Даже если вы забыли фильм Алова и Наумова «Бег» по пьесе Михаила Булгакова, то достаточно напомнить великолепного генерала Чарноту — Михаила Ульянова, шагающего по Парижу в кальсонах, дрожащую Серафиму — Людмилу Савельеву, безумный взгляд Хлудова — Дворжецкого и тараканьи бега — и оба, почти слившихся в нашем сознании в одно, произведения сразу всплывут в памяти. Сейчас, когда персонажи «Бега» вошли в сонм героев литературного Олимпа, трудно представить, что каждый из них имел реального прототипа, а события, вплоть до самых невероятных, происходили в действительности. Чарнота — это любимец казаков, смелый и решительный генерал Сергей Улагай, Хлудов — знаменитый Слащев-Крымский, убитый после возвращения на Родину, красавица Люська, кавалер двух Георгиев — жена генерала Слащева. Есть в пьесе еще один герой — монастырь, где происходит действие первого из «восьми снов»: «внутренность монастырской церкви, где-то в Северной Таврии». По исторической хронологии, по тому, что монастырей с пещерами — «хор монахов в подземелье поет глухо», — в этой местности больше не было, понятно, что Булгаков описывает Григорие-Бизюков монастырь, который располагался у переправы через Днепр, на пересечении военных дорог. Михаил Булгаков писал пьесу о русском исходе, сотворяя из впечатлений, воспоминаний, жизненных историй, картину невероятной художественной силы. Любопытно, однако, приподнять занавес и посмотреть, как было на самом деле. Не ходил Улагай в нижнем белье по Елисейским полям, он организовал казачий конный цирк и гастролировал с ним по Европе; генерал Слащев никогда не руководил массовыми казнями, он командовал боевыми действиями, «зверства белых» как таковые изобретены большевицкой пропагандой, а лирическая героиня «Бега» вернулась в Россию и вышла замуж за Михаила Булгакова. События, которые происходили в Бизюковом монастыре в двадцатых годах, обширно описаны в мемуарной литературе. 

1

…В город Екатеринослав (ныне Днепропетровск) весной 1918 года с распавшегося фронта в свои казармы возвращаются Симферопольский и Феодосийский полки — герои Брусиловского прорыва и Новороссийские конные драгуны. После падения гетмана Скоропадского офицеры решают прорываться из окруженного петлюровцами города и двигаться на Дон, где формируется Добровольческая армия генерала Корнилова. «Кто хочет умереть честно и со славой, пусть присоединяется к Новороссийскому полку, кто же хочет бесчестно умирать в подвалах ЧК, пусть немедленно покинет казармы», — говорит на собрании всех чинов гарнизона полковник Гусев, и тысяча офицеров выступает в легендарный Зимний (Екатеринославский) поход…

2

Мерно, гулко гудит над днепровскими волнами монастырский колокол. Высоко, раскидисто стоит на каменистой круче Таврский Афон. Извилисты, скрыты от праздного взгляда тропы в известковой скале, шиповником и боярышником поросли узкие входы в подземелье и кельи монашеские. Тремя угловыми круглыми башнями, каменной оградой, зубчатой контрфорсной стеной укрыт древний Бизюков монастырь. На запорожские, ох нелегко добытые казацкие грóши, возведен на беспокойной границе с ляхами оплот Православия.

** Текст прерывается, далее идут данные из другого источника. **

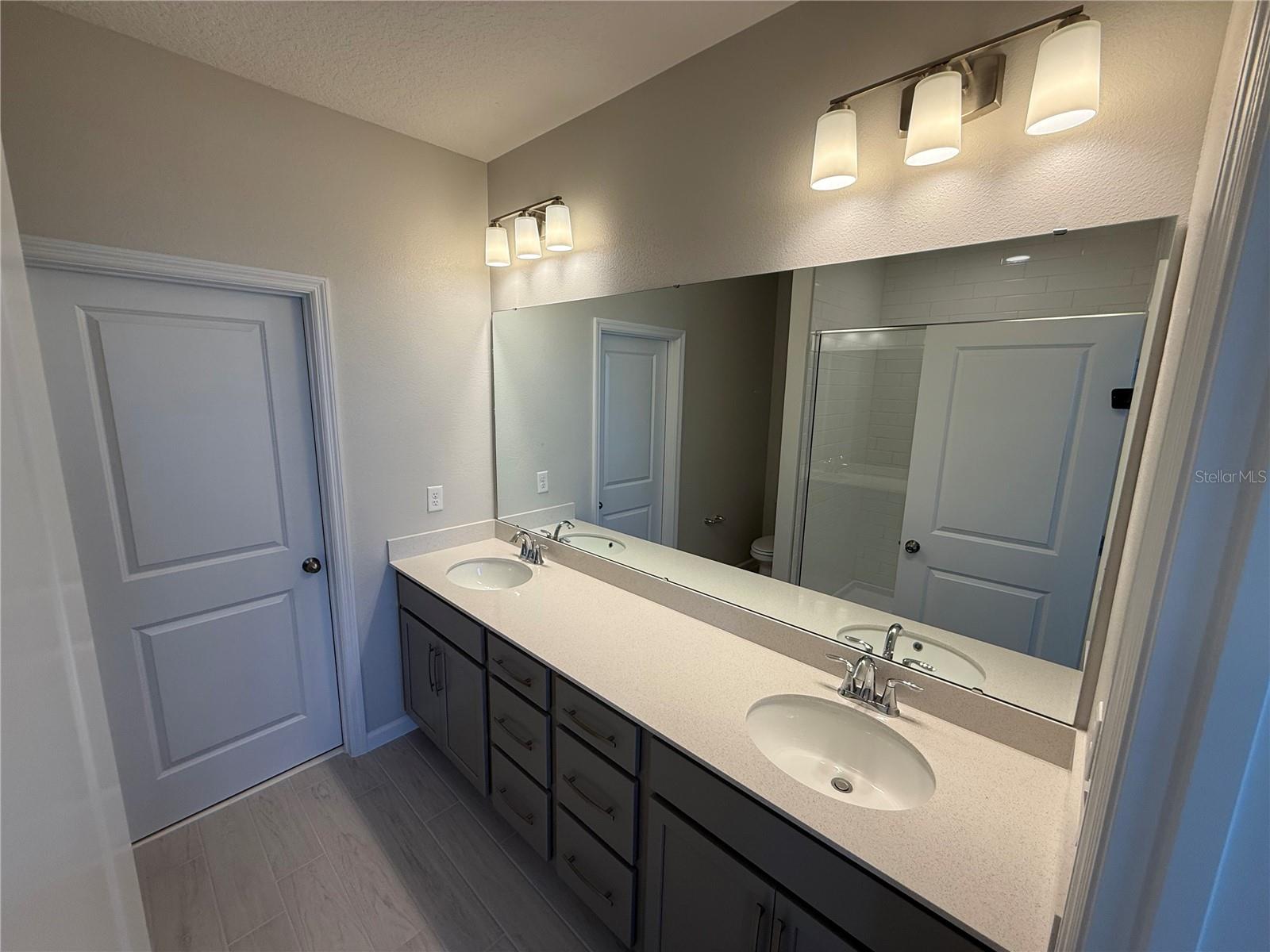 Image 12 of 24 For 628 Pothos Street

Тяжело, устало поднимается по обрывистому склону пехотный полк. Лошади, помесив копытами грязь, встали понуро: не втащить им на скользкий холм обозы с техникой. В придорожной почтовой станции остается броневой дивизион, полувзвод драгун для связи и заслон — несколько старших офицеров.

Утром почтовая станция окружена отрядом петлюровцев и «железным полком» севастопольских матросов.

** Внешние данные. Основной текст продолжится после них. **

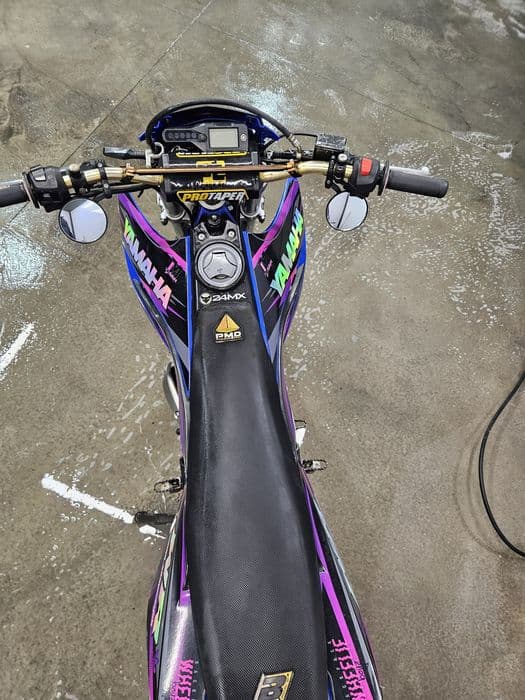 Yamaha WR 125 kolorowa porobiona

Неравный бой длится несколько часов, ектеринославцы, укрывшись за каменной стеной, окружающей почту, экономят каждый патрон: боеприпасы еще вечером отправлены с основными силами. Из трех драгунов, посланных за помощью, доскакивает один.

…Близки уже монастырские стены, открываются кованые ворота, и седлают лошадей драгуны, и выдвигается пехотная дружина, подняв трехцветный флаг…

3

— Миром Господу помолимся, — клонился над книгой в сафьяновом переплете отец Варсонофий. Стоят перед игуменом офицеры, сняв фуражки с белой ленточкой. Горят редкие свечи, бросая золотые тени на иконы, выхватывая из полумрака небритые бороды, впавшие щеки,  устало опущенное плечо. Поют монахи, читает Варсонофий, звучит вечная правда, ради которой ведет их неумолимый долг с крестом наплечных ремней на спине…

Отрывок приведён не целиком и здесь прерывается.